All of the results are exactly as expected (what else could it give?).
None of this is new -- the main point of this whole exercise is to use a familar metric
to explore how standard computations can be implemented using Cadabra.
None of these results are used by the main evolution codes (in the directories {\tt
adm} and {\tt bssn}) other than to set the initial data (at $t=1$).
The code that sets the initial data was written by hand (as opposed to the Cadabra
codes that generates the Ada procedures used in the evolution codes).
\clearpage
\begin{cadabra}
{t,x,y,z}::Coordinate.
{a,b,c,d,e,f,i,j,k,l,m,n,o,p,q,r,s,u#}::Indices(position=independent,values={t,x,y,z}).

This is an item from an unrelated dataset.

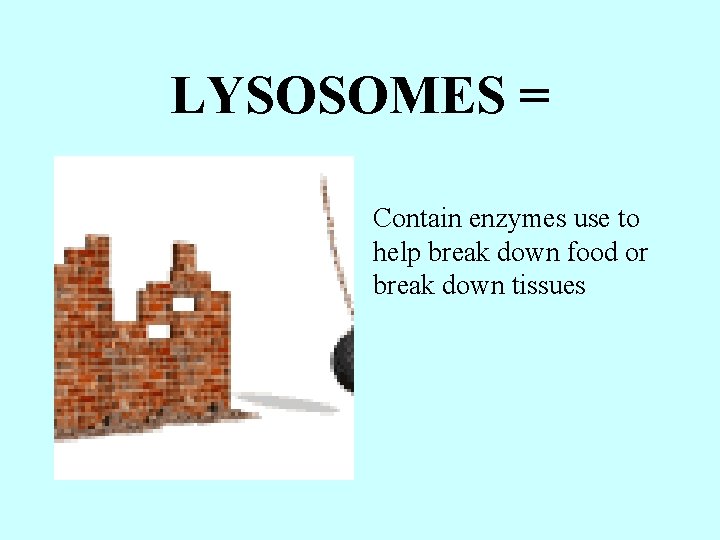 LYSOSOMES = Contain enzymes use to help break down food or break down tissues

\partial{#}::PartialDerivative;
{p1,p2,p3}::Symbol.
p1::LaTeXForm("p_1").
p2::LaTeXForm("p_2").
p3::LaTeXForm("p_3").
gBar{#}::LaTeXForm("{\bar g}").
ABar{#}::LaTeXForm("{\bar A}").
Aab{#}::LaTeXForm("{A}").
phi::LaTeXForm("{\phi}").
g_{a b}::Metric.
g^{a b}::InverseMetric.
g_{a b}::Depends(\partial{#}).
# -----------------------------------------------------------------
# rules used when evaluating components
DtRule := {D^{t} -> 1}. # components of d/dt, zero shift & unit lapse
gabRule := { g_{t t} = gtt,
g_{x x} = gxx,
g_{y y} = gyy,
g_{z z} = gzz }.
# -----------------------------------------------------------------
# the Kasner metric
gab := { gtt -> -1,
gxx -> t**(2*p1),
gyy -> t**(2*p2),
gzz -> t**(2*p3),
gxy -> 0,
gxz -> 0,
gyz -> 0,
gtx -> 0,
gty -> 0,
gtz -> 0}.
# -----------------------------------------------------------------
# standard definitions
Detg := g -> gxx gyy gzz - gxx gyz gyz
- gxy gxy gzz + gxy gxz gyz
+ gxz gxy gyz - gxz gxz gyy.
Gamma := \Gamma^{a}_{b c} ->
(1/2) g^{a e} ( \partial_{b}{g_{e c}}
+ \partial_{c}{g_{b e}}
- \partial_{e}{g_{b c}}).
Rabcd := R^{a}_{b c d} ->
\partial_{c}{\Gamma^{a}_{b d}} + \Gamma^{a}_{e c} \Gamma^{e}_{b d}
- \partial_{d}{\Gamma^{a}_{b c}} - \Gamma^{a}_{e d} \Gamma^{e}_{b c}.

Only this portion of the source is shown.